Hey @behlendorf, I think you did the taskq sheduling in aa9af22cdf8d16c197974c3a478d2053b3bed498 a couple of years back.

Maybe you can take a look at this again. I think there are just too many concurrent compression tasks running, which is bogging down the system. Somehow this leads zfs to believe that it needs to drop the arc nearly completely, which increases the IO further, as it's no longer cached.

The main difference between 2015 and now is probably, more memory intensive compression tasks going with zstd and that we don't use HDDs anymore, so the CPU tasks is the bottleneck now, not the HDD io. Which leads to the CPU tasks piling up.

Hope I analyzed that correctly.

Btw: How many threads does a single compression task with zstd create? Do they use the common multi threading settings of zstd, which would be 4 threads here, or are they single thread?

amotin commented 1 month ago

For compression ZFS has a number of z_wr_iss threads, covering 80% of CPU cores, controlled by zio_taskq_batch_pct module parameter. It is usually enough to reach sufficient speed, but same time not block the system completely for few seconds, similar you report here. But in the top outputs provided I see instead a bunch of z_rd_int threads, which handle checksuming and decryption on read completion. They should not handle compression/decompression, and it makes me wonder if aside of different compression algorithm you also changed checksum algorithm or enabled encryption. Few years ago before 7457b024ba2be2cf742e07239c20a1c3f3fa9c72, which was long after mentioned aa9af22cdf8d16c197974c3a478d2053b3bed498, to many z_rd_int threads combined with too expensive checksum and/or encryption could also block the system for a bit, but now they are also limited to 80% of CPU cores, so can block the system only if combined with something else.

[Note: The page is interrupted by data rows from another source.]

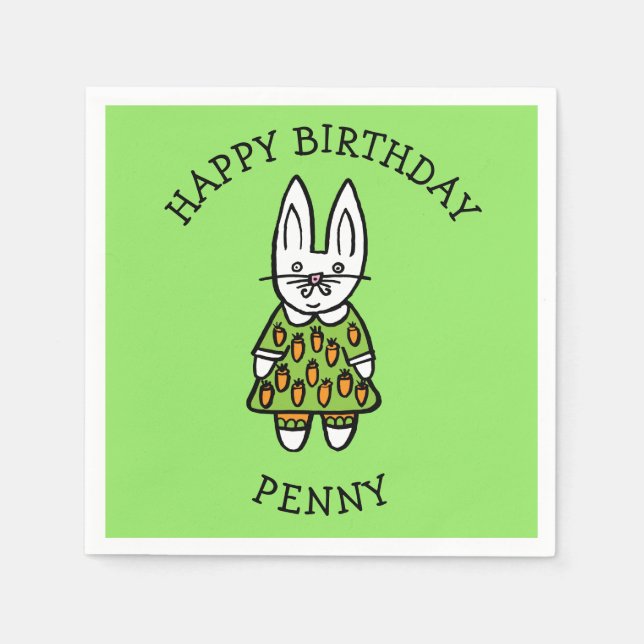 Guardanapo De Papel Coelho Penny Personalizado (Frente)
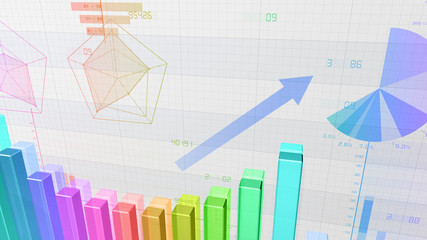 Business Economy Data Graph Chart Bar Growth Success 3D illustration background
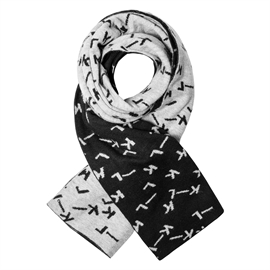 Kingsland Greenlee strik halstørklæde til ridning eller pænt brug, i sort og grå.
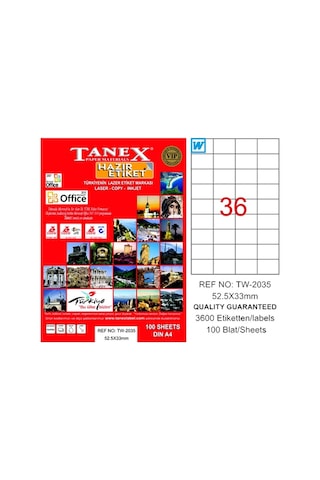 Tanex Laser Etiket 100 Yp 52.5X33 Laser-Copy-Inkjet Tw-2035 Tanex Laser Etiket 100 Yp 52.5X33 Laser-Copy-Inkjet Tw-2035
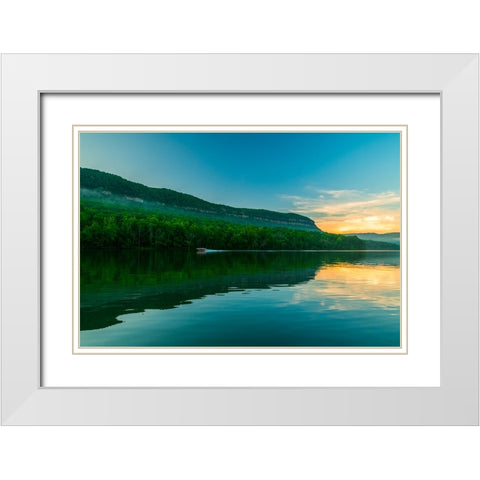 Escape White Modern Wood Framed Art Print with Double Matting by Malone, Will
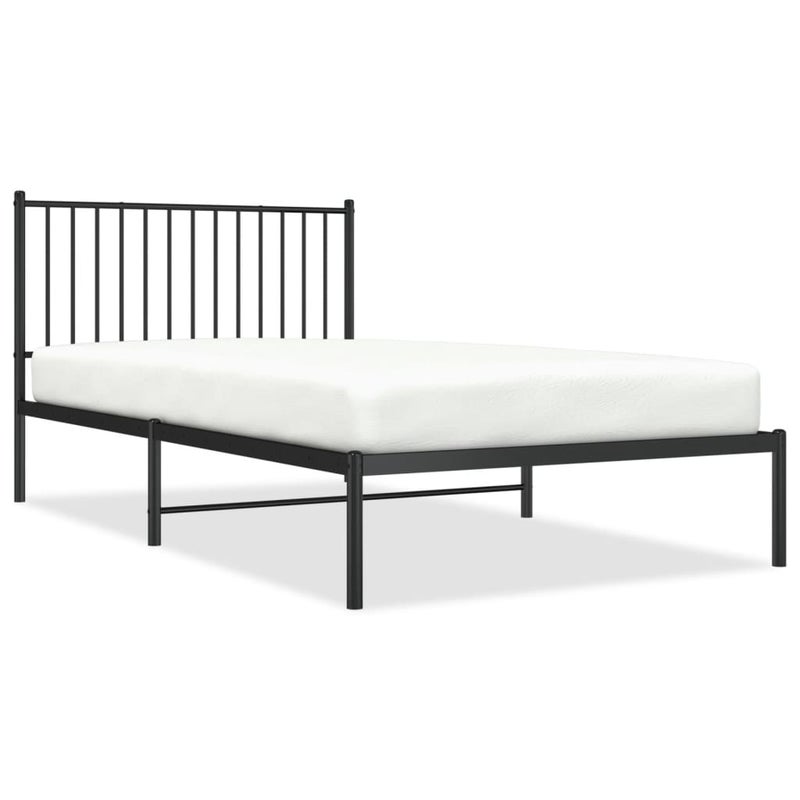 Łóżko Metalowe Czarne Rama Łóżka Ze Stelażem Do Pokoju Sypialni 107x203 cm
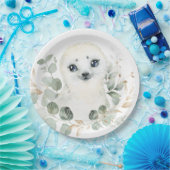 Winter Baby Seal Greenery Gold Wreath Birthday Papieren Bordje (Feest)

amotin commented 1 month ago

So if you think the problem is in CPU saturation, instead of some unmotivated manipulations with ARC you should try reducing zio_taskq_batch_pct before importing pool.

RubenKelevra commented 1 month ago

@amotin wrote:

instead of some unmotivated manipulations with ARC

I fail to see how it's unmotivated. The arc usage dropped to just 430 MB, as you can see in the atop screenshot provided, despite having 10.6 GB of memory available.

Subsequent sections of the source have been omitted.